Zaslavskiy Mikhail, Bach Francis, Vert Jean-Philippe
Centre for Computational Biology, Mines ParisTech, 35 rue Saint-Honoré, Fontainebleau, Institut Curie, INSERM, U900, Paris, France.
Bioinformatics. 2009 Jun 15;25(12):i259-67. doi: 10.1093/bioinformatics/btp196.
Aligning protein-protein interaction (PPI) networks of different species has drawn a considerable interest recently. This problem is important to investigate evolutionary conserved pathways or protein complexes across species, and to help in the identification of functional orthologs through the detection of conserved interactions.
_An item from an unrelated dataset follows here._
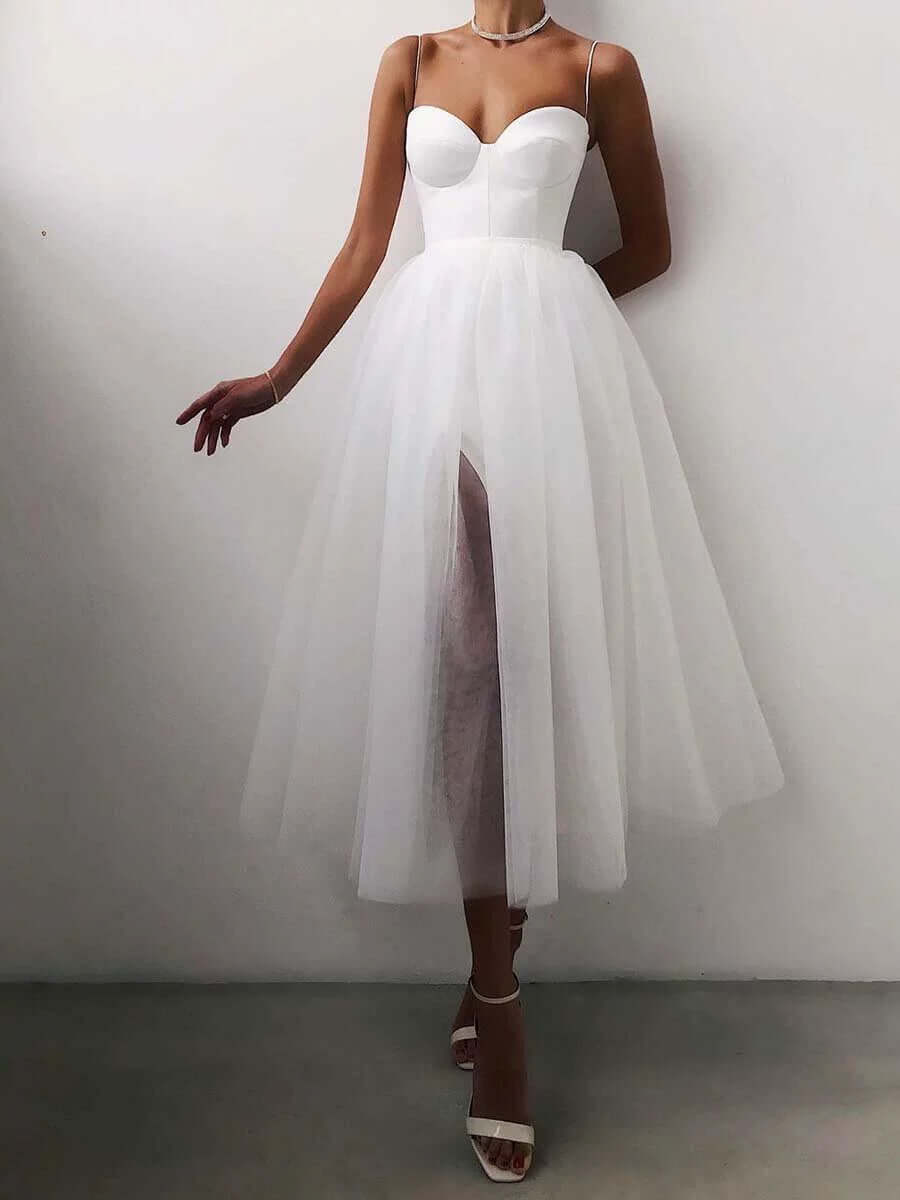 White elegant A-line midi dress for women. Versatile party & special occasion wear, timeless fashion.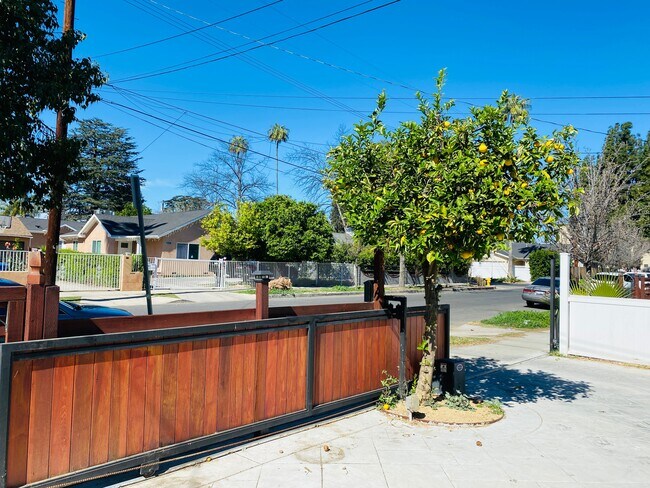 Electronic front gate / 2 off street parking spaces - 6712 Cedros Ave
It is, however, a difficult combinatorial problem, for which only heuristic methods have been proposed so far.
We reformulate the PPI alignment as a graph matching problem, and investigate how state-of-the-art graph matching algorithms can be used for that purpose. We differentiate between two alignment problems, depending on whether strict constraints on protein matches are given, based on sequence similarity, or whether the goal is instead to find an optimal compromise between sequence similarity and interaction conservation in the alignment. We propose new methods for both cases, and assess their performance on the alignment of the yeast and fly PPI networks. The new methods consistently outperform state-of-the-art algorithms, retrieving in particular 78% more conserved interactions than IsoRank for a given level of sequence similarity.
All data and codes are freely and publicly available upon request.
不同物种蛋白质-蛋白质相互作用(PPI)网络的比对近来引起了广泛关注。该问题对于研究跨物种的进化保守途径或蛋白质复合物,以及通过检测保守相互作用来帮助识别功能直系同源物具有重要意义。然而,这是一个困难的组合问题,目前仅提出了启发式方法。
我们将PPI比对重新表述为一个图匹配问题,并研究如何将最先进的图匹配算法用于此目的。根据是否基于序列相似性对蛋白质匹配给出严格约束,或者目标是否是在比对中找到序列相似性和相互作用保守性之间的最佳折衷,我们区分了两种比对问题。我们针对这两种情况都提出了新方法,并在酵母和果蝇PPI网络的比对上评估了它们的性能。新方法始终优于最先进的算法,在给定的序列相似性水平下,与IsoRank相比,尤其能多检索出78%的保守相互作用。
所有数据和代码可根据要求免费公开获取。